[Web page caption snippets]
*-*-*

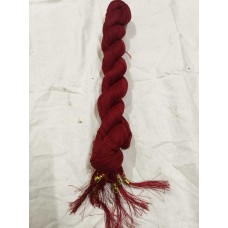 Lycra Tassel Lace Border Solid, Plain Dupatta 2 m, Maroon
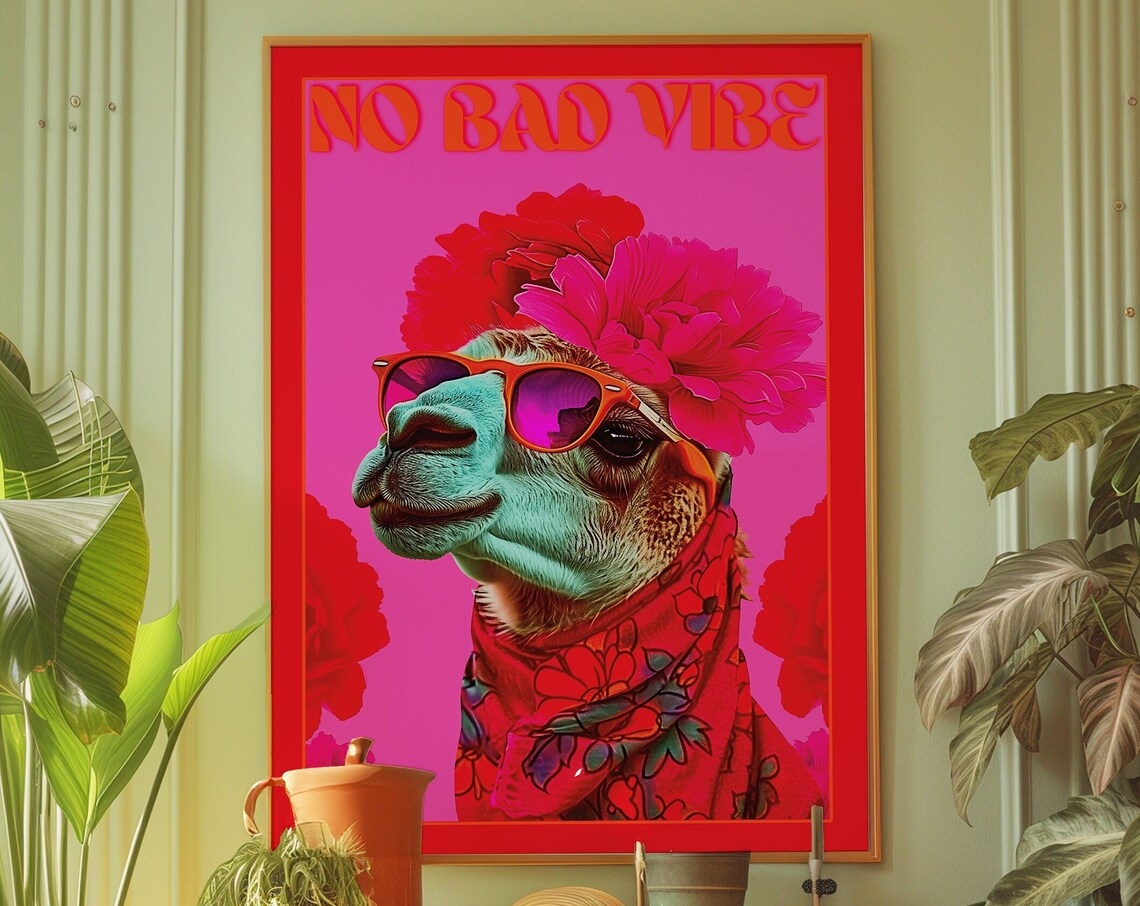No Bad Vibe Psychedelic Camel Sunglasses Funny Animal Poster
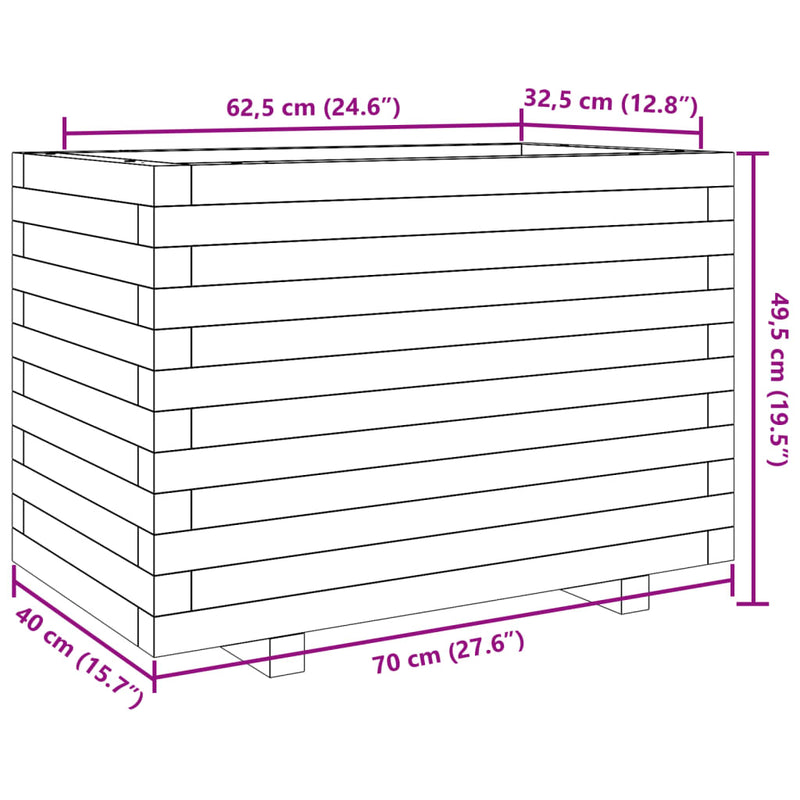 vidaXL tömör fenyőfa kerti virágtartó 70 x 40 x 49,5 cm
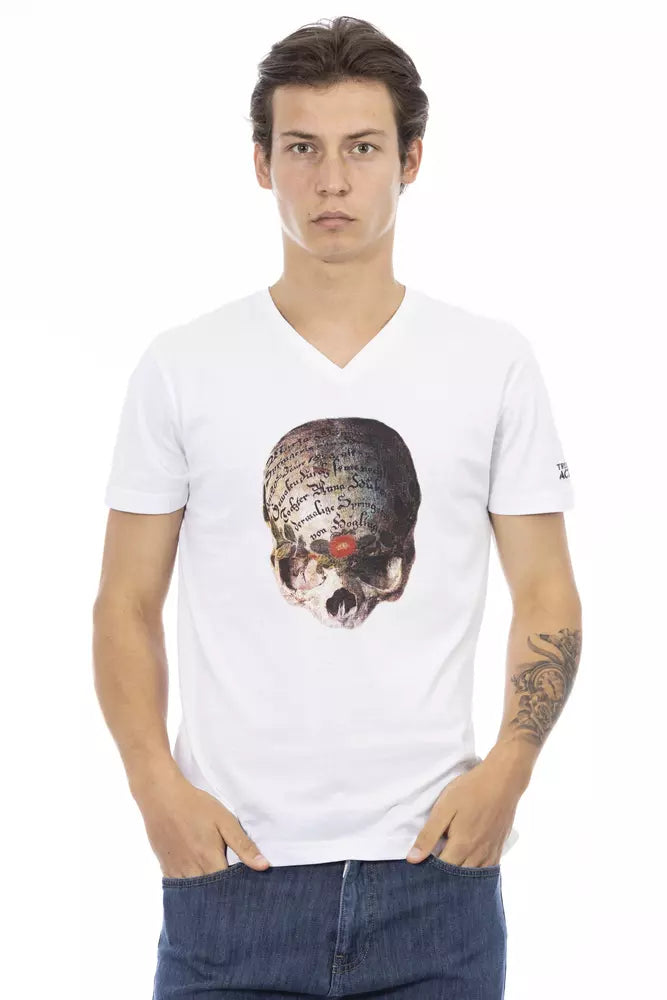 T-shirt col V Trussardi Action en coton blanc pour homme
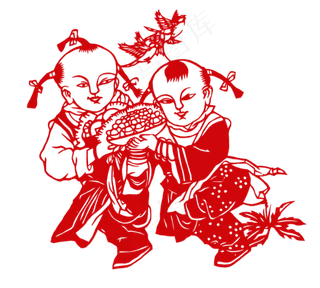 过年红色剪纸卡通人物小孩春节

*-*-*

## What the task requires
Write the lines from the line containing "T-shirt col V" through the last line of the data out again exactly, and only those lines; pictures stay out.

## Finished exercise
 T-shirt col V Trussardi Action en coton blanc pour homme
 过年红色剪纸卡通人物小孩春节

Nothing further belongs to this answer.